_WHAT YOU ARE ASKED TO DO:_ Exclude the pictures and transcribe the rest of the data below exactly.

_SUPPLIED INFORMATION:_
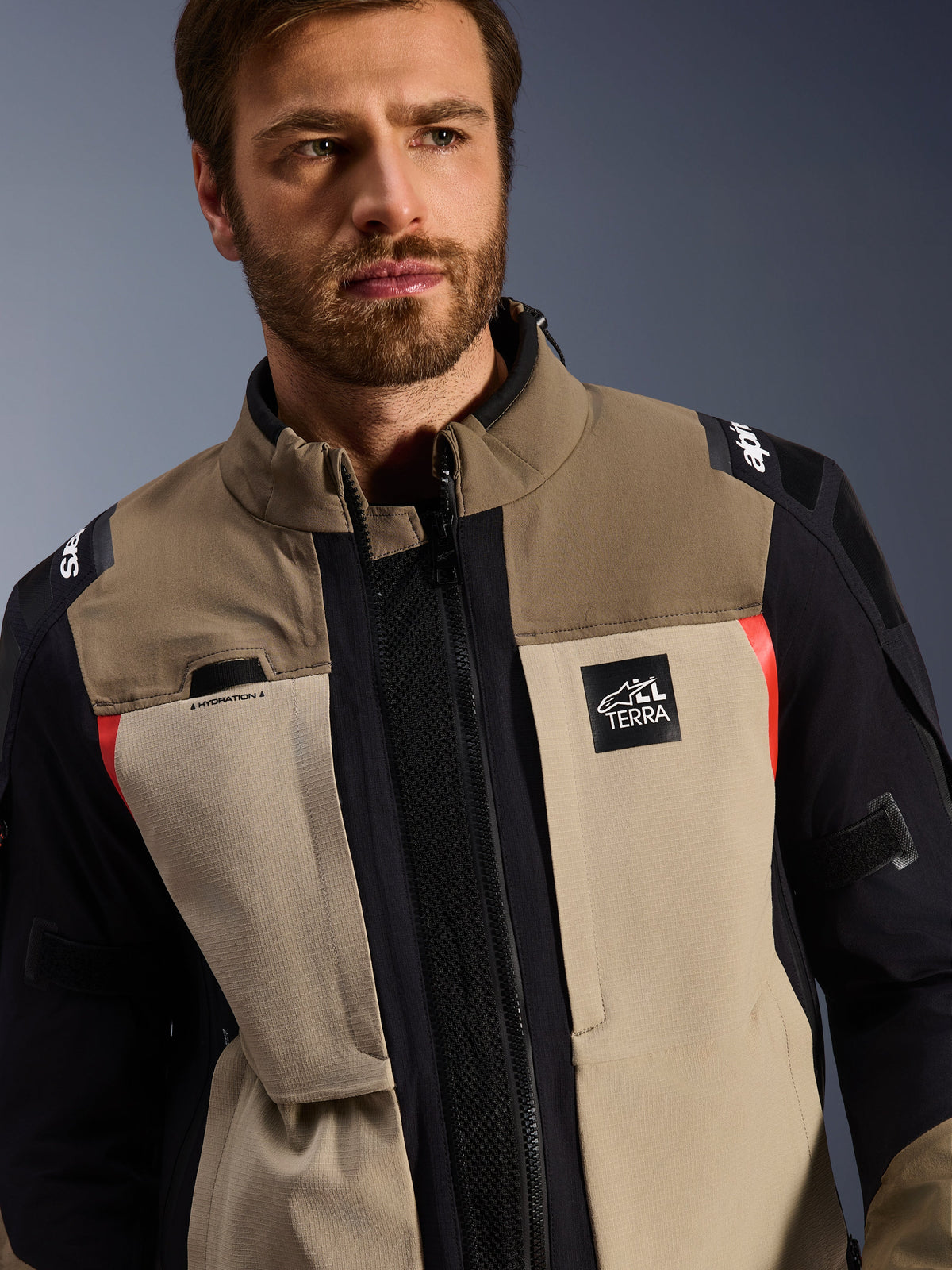 Giacca Alpinestars Andes Pro Drystar® XF in Walnut Aluminum, indossata da un modello, giacca da moto adventure con design tessile a strati in marrone, grigio chiaro e nero con accenti rossi, logo Alpinestars 'TERRA' sul petto e dettagli tecnici visibili.
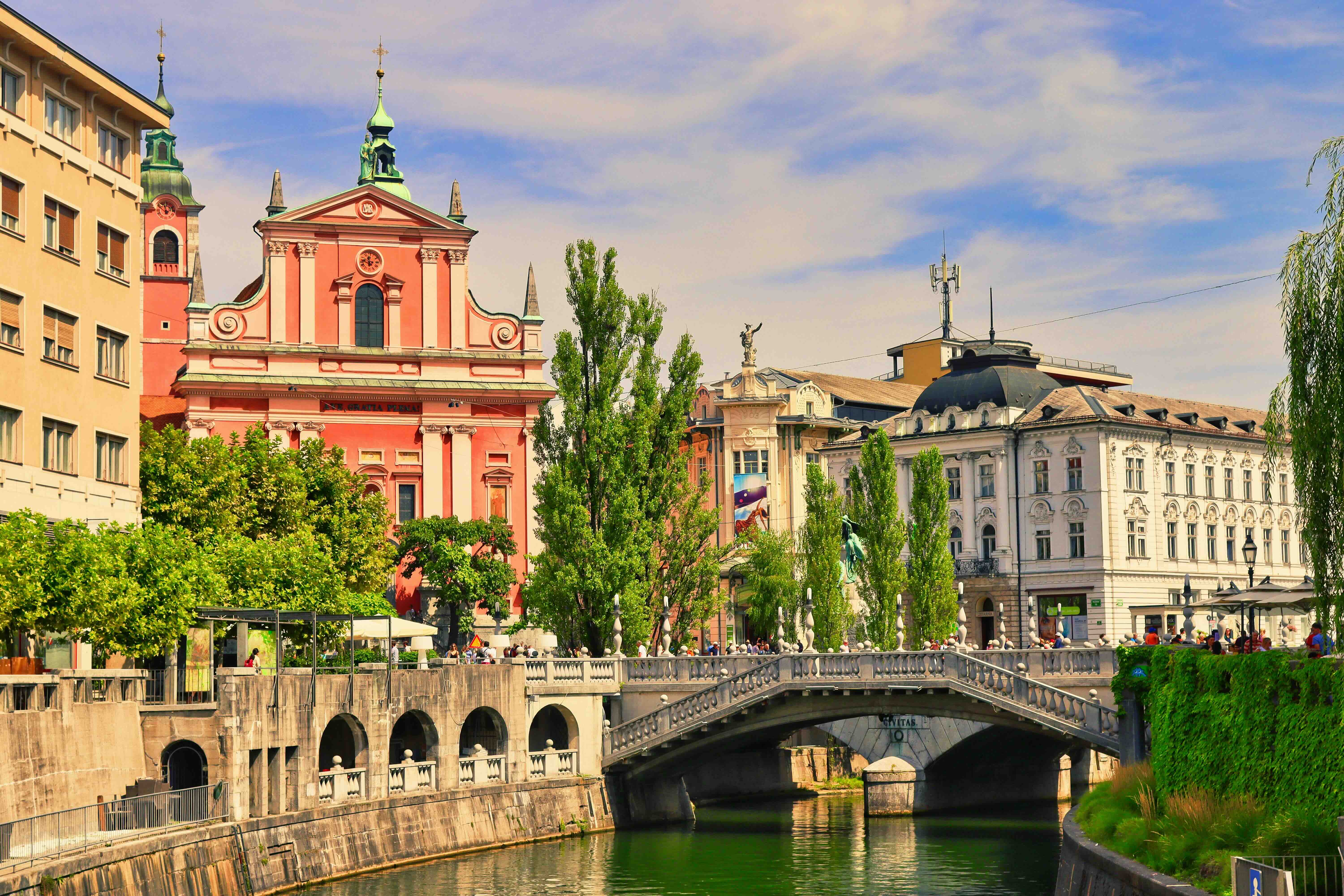 The pink Baroque Franciscan Church of the Annunciation on Prešeren Square in central Ljubljana, beside a stone bridge over the willow-lined Ljubljanica river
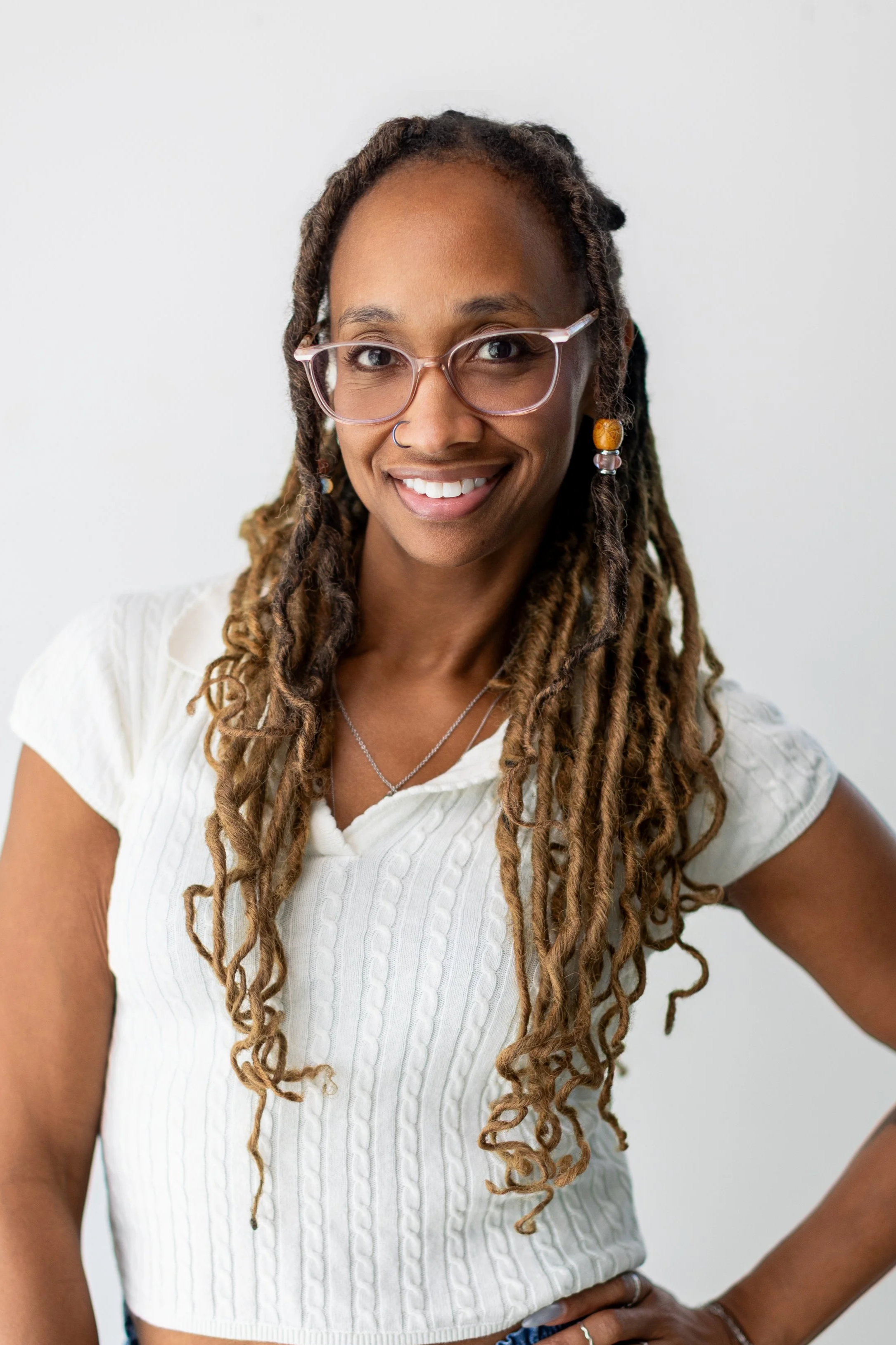 Close-up of a young woman with dreadlocks wearing lace glasses, jewelry, and a white cable-knit crop top, smiling against a plain light background.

_EXERCISE OUTPUT:_
 Giacca Alpinestars Andes Pro Drystar® XF in Walnut Aluminum, indossata da un modello, giacca da moto adventure con design tessile a strati in marrone, grigio chiaro e nero con accenti rossi, logo Alpinestars 'TERRA' sul petto e dettagli tecnici visibili.
 The pink Baroque Franciscan Church of the Annunciation on Prešeren Square in central Ljubljana, beside a stone bridge over the willow-lined Ljubljanica river
 Close-up of a young woman with dreadlocks wearing lace glasses, jewelry, and a white cable-knit crop top, smiling against a plain light background.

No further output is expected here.